WORK INSTRUCTION
Each line of data below is to be returned exactly, leaving out any picture.

EXERCISE DATA

▶

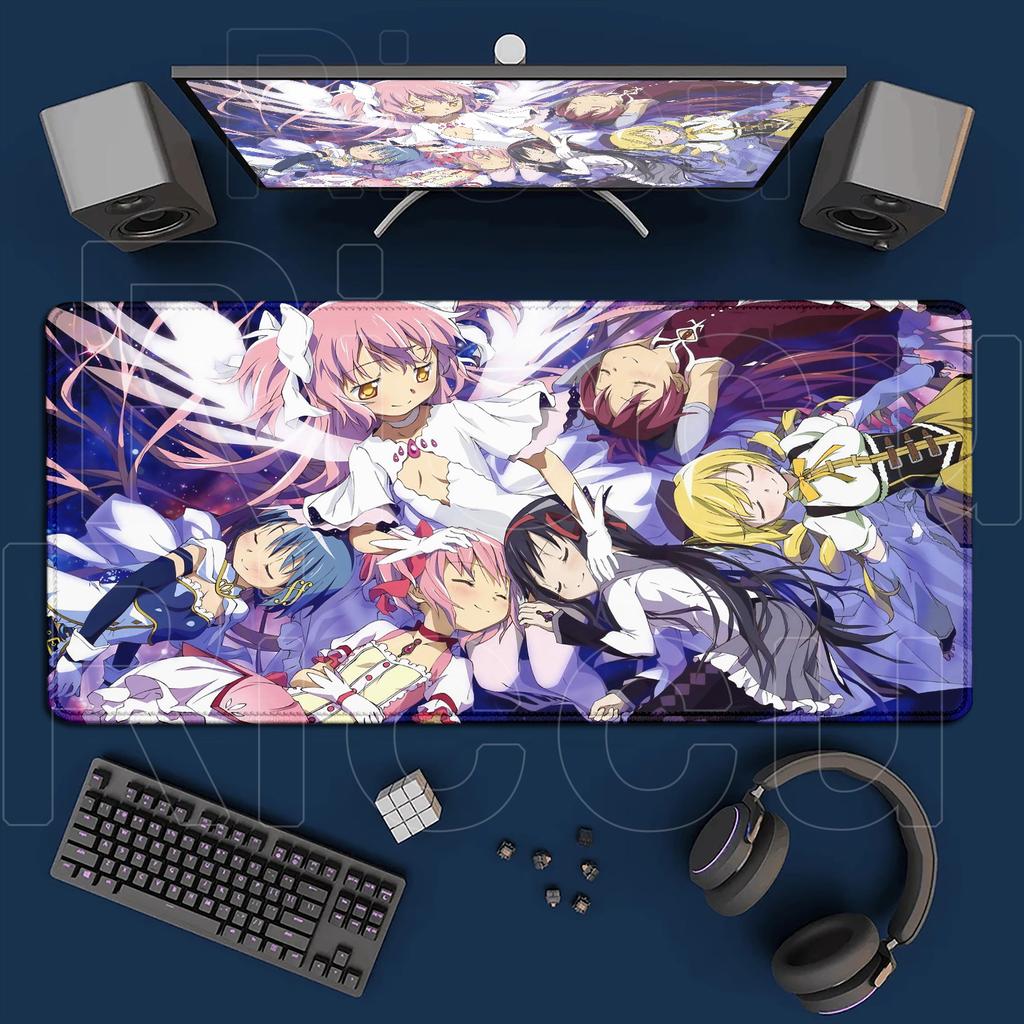 Mouse Pad Popular Puella Magi Madoka Magica Rubber Gaming Accessories Large XXL Laptop Keyboard Mat xMM Nonslip Antifray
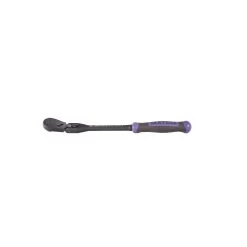 3/8" DRIVE 12-1/2" EIGHTY8 TOOTH BLACK CHROME LOCKING FLEX RATCHET WITH ERGO HANDLE - PURPLE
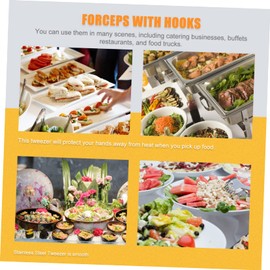 BIUDECO Metal Food Tongs Reusable Cooking Tweezers Stainless Steel Kitchen Gadgets for Kitchen Buffets
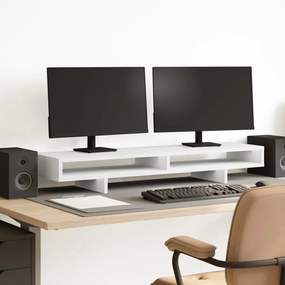 vidaXL Suporte para monitor 100x27x15 cm derivados de madeira branco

◀

REPLY
 Mouse Pad Popular Puella Magi Madoka Magica Rubber Gaming Accessories Large XXL Laptop Keyboard Mat xMM Nonslip Antifray
 3/8" DRIVE 12-1/2" EIGHTY8 TOOTH BLACK CHROME LOCKING FLEX RATCHET WITH ERGO HANDLE - PURPLE
 BIUDECO Metal Food Tongs Reusable Cooking Tweezers Stainless Steel Kitchen Gadgets for Kitchen Buffets
 vidaXL Suporte para monitor 100x27x15 cm derivados de madeira branco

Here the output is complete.